Even today, there are about 30 states in the U.S. that don’t explicitly prohibit discrimination on the basis of sexual orientation and gender identity. And the question of whether federal law – Title VII of the Civil Rights Act of 1964 – prohibits employers from discriminating on the basis of sexual orientation or gender identity is actually before the U.S. Supreme Court right now.
How did some of the earliest activists bring attention to the issue of LGBTQ rights in the workplace?
They simply didn’t have the resources or people power to try to pressure large numbers of big companies, so they had to pick and choose which companies to target. Groups like the Gay and Lesbian Task Force, as it was then known, sent out a bunch of letters asking corporations about their treatment of sexual minorities.

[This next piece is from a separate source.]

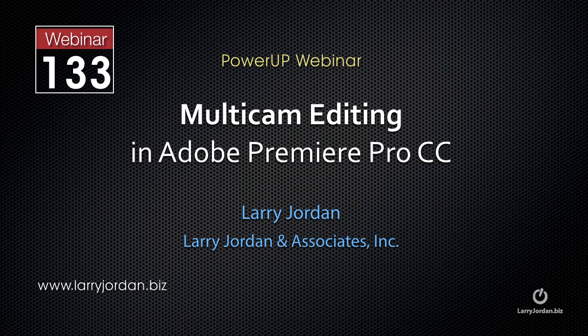This is an excerpt of a recent power-up webinar taking a look at multicam editing in Adobe Premiere Pro CC. In this excerpt, I'll show you how to synchronize a multicam clip using common markers or a common in.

The vast number of corporations refused to answer. But then you had some that replied by saying, in effect, “We do discriminate, and we don’t think there’s anything wrong with that. We don’t think our employees or our customers want to interact with openly gay people.”
Pacific Bell was one of the companies that wrote back saying, essentially, “We discriminate against gay people and we’re proud about that.” And so they became, not surprisingly, one of the first targets of LGBTQ activism aimed at large corporations. There were street demonstrations, meetings with San Francisco officials, letter-writing campaigns – all targeting Pacific Bell for its overt homophobia
The activism worked. By the mid-1980s, Pacific Bell was on its way to becoming a model corporate citizen on LGBTQ rights issues, in particular when it came to how it responded to the AIDS epidemic.
That’s a pattern you note with a few other companies – how activists targeted some of the most outwardly homophobic companies, and, within a few years, they became some of the most visible allies.
Large companies spend millions of dollars marketing their brands. Anything that potentially tarnishes those brands, they pay attention to.
And activists made enough noise and got enough attention that executives made, in some ways, rational business decisions. They realized the negative publicity wasn’t good for their bottom line.
But I think, as the activism continued, executives were also persuaded that supporting LGBTQ equality was the right thing to do. They came to accept the basic argument that their LGTBTQ employees were of equal merit and of equal worth as their heterosexual employees.
Now, this didn’t happen overnight. And it didn’t happen, by any means, at all companies. But it’s a trend that starts in the early 1970s and, as the activism grows, becomes more pronounced as the decades went on.
Why did activists target corporations instead of politicians?
Back in the 1970s and 1980s, it was extremely difficult to persuade a majority of legislators and voters to support LGBTQ civil rights laws. You simply don’t have to convince as many people when you are trying to persuade a company to adopt LGBTQ-friendly policies. All that it really takes is persuading a handful of top executives.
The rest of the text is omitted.